5 Nisan 2011 Salı

SİCİLYA'NIN KAN PORTAKALLARI


Akdeniz'in göbeğinde 'çizme'nin ucundaki bu açık hava müzesi gibi adadan Yunan'lılardan Araplara, Romalılardan, Katalan'lara kadar pek çok medeniyet geçmiş. Bu adanın doğusundaki Etna Yanardağı'na bakan yamaçlarda ise bölgeye özgü kan portakalları yetişiyor. Bu dağ bölgedeki iklimi tümüyle etkiler.
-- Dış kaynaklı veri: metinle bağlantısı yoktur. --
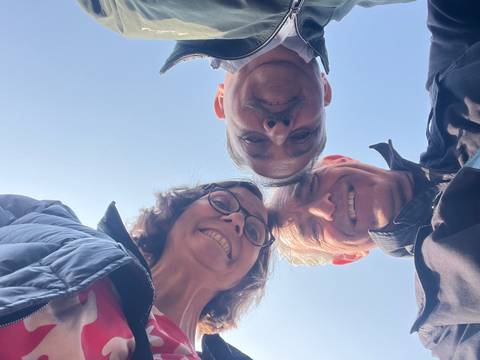 Group of three people looking down at the camera.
Bu portakallarda tüm narenciyelerdeki karotene ilaveten 'antokyanin' adlı kırmızı pigmentler bulunuyor. Genetiğin yanı sıra bu portakallar bu özelliklerini yetiştikleri çevredeki iklim şartlarına borçlu. Olgunlaşma dönemlerinde soğuk, yaz ve sonbahardaki evrelerinde ise ılık hava istiyorlar. Ancak Akdeniz'de narenciye ekimi yapılabilecek sıcaklıktaki bölgelerin gece ile gündüz arasındaki sıcaklık farklarının yüksek olduğu kuru iklimli kısımlarda yetişebiliyorlar. Düşük ısılar kırmızı renk oluşumunu arttırdığından kuzeye bakan yamaçlarda daha kırmızı türler yetişiyor. Oldukça sınırlı bir alanda yetiştiğinden bu portakalların kökenleri Avrupa Birliği tarafından korumaya alınmış.


Pazarcılardan öğrendiğim kadarıyla bizim ülkede Mersin ve Antalya'da az miktarda bir üretim var.
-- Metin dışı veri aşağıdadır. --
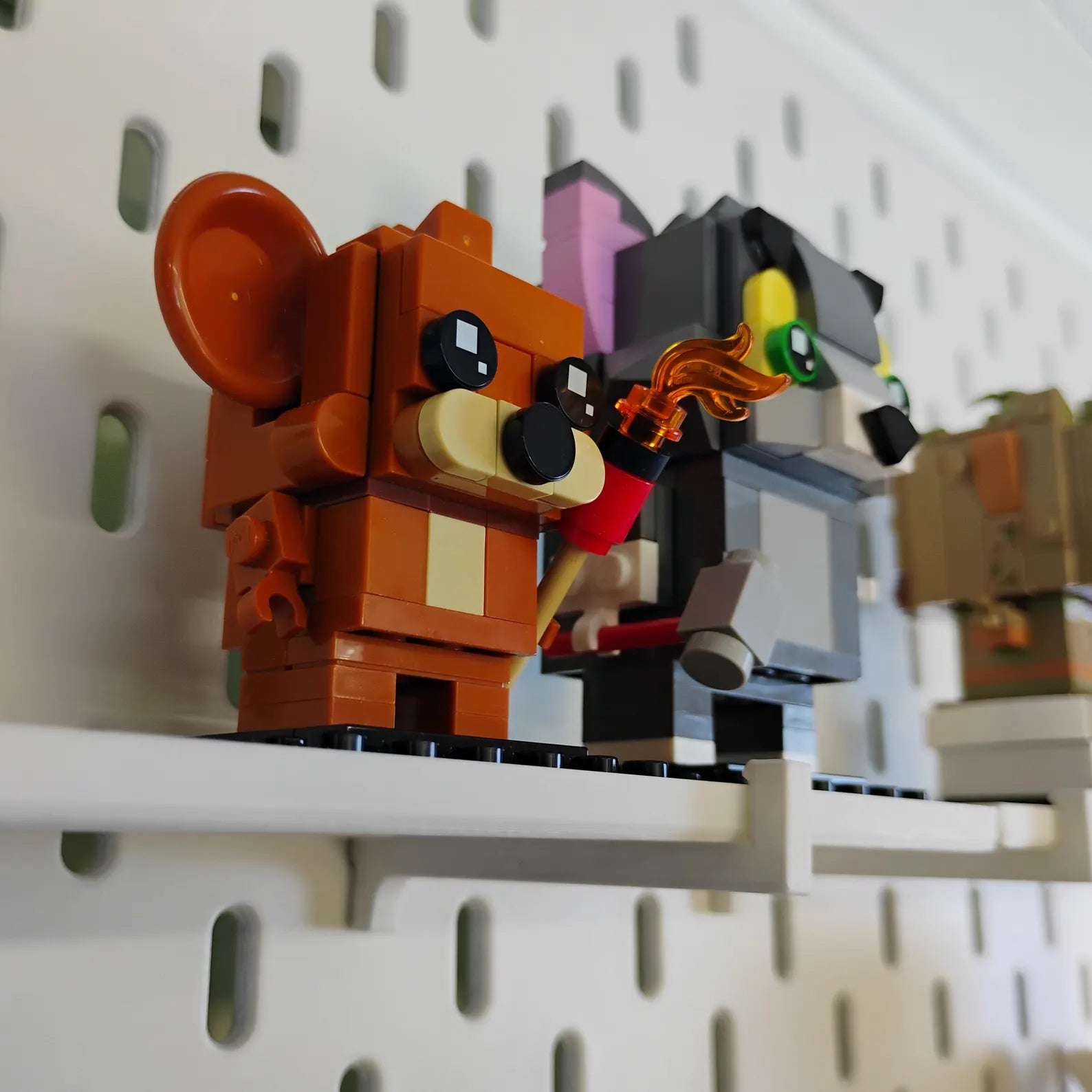 Side view of SKÅDIS-compatible BrickHeadz™ shelves showing figures displayed on black shelves mounted to an IKEA pegboard.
Morumsu bir kırmızısı olan en koyu renkli olan türleri MORO olarak adlandırılıyor. Orta kalınlıkta bir kabuğu, küremsi, ovalimsi bir şekli, çekirdeksiz bir eti var. Asitliği ve antokyanin oranı en yüksek olan tür.

İspanya'da rastlanan türü SANGUINELLO COMUNE'nin kırmızı gölgeli canlı bir rengi var. Asitlik ve antokyanin oranı düşük, tatlı bir tadı var.

TAROCCO ise kan portakalları arasındaki en ünlü tür. Çok lezzetli. Ovalimsi bir şekli ve tepesinde ağzı var. Çekirdeksiz bir ete ve orta kalınlıkta bir kabuğa sahip. İçerdiği C vitamini oranı diğer tüm narenciyelerden yüksek. (100 cl. de 90 mg.'a kadar çıkabiliyor.) Aralık ortasında olgunlaşma başlayıp Nisan başında sezonları bitiyor. Orta derecede asitliği ve antokyanin düzeyi var. Suyunun rengi yakut kırmızısı.


Ağız sulandıran bu tatlı-ekşi portakallarda herhangi bir portakala göre daha katmanlı, kompleks bir lezzet var. Narenciyelerle ilgili pek çok tarifte yalnızca tek bir narenciye türü kullanmak yerine onu başka bir narenciye türü ile desteklemenin daha zengin ve yuvarlak bir tat yarattığını düşünüyorum. Böyle düşünen yalnızca ben de değilim. Örneğin limonata yaparken  2 kilo limonun yanı sıra bir adet de portakal kullanılır. Portakal marmeladı  yaparken tencereyi ocaktan almadan önce biraz limon suyu eklerler. Japon narenciyesi 'Yuzu'nun özel tadının portakal, greyfurt ve limon karışımını andırdığı söylenir. Limonlu tart yaparken limonun o keskin tadını bir parça portakalla yuvarlatabilirsiniz. Kan portakalları ise bu dengeyi kendi içlerinde taşıyorlar. Portakal, limon ve greyfurttaki tek boyutluluğa daha kısıtlı bir alanda yetişen kan portakallarında bir parça derinlik ve ahududu notaları eşlik ediyor.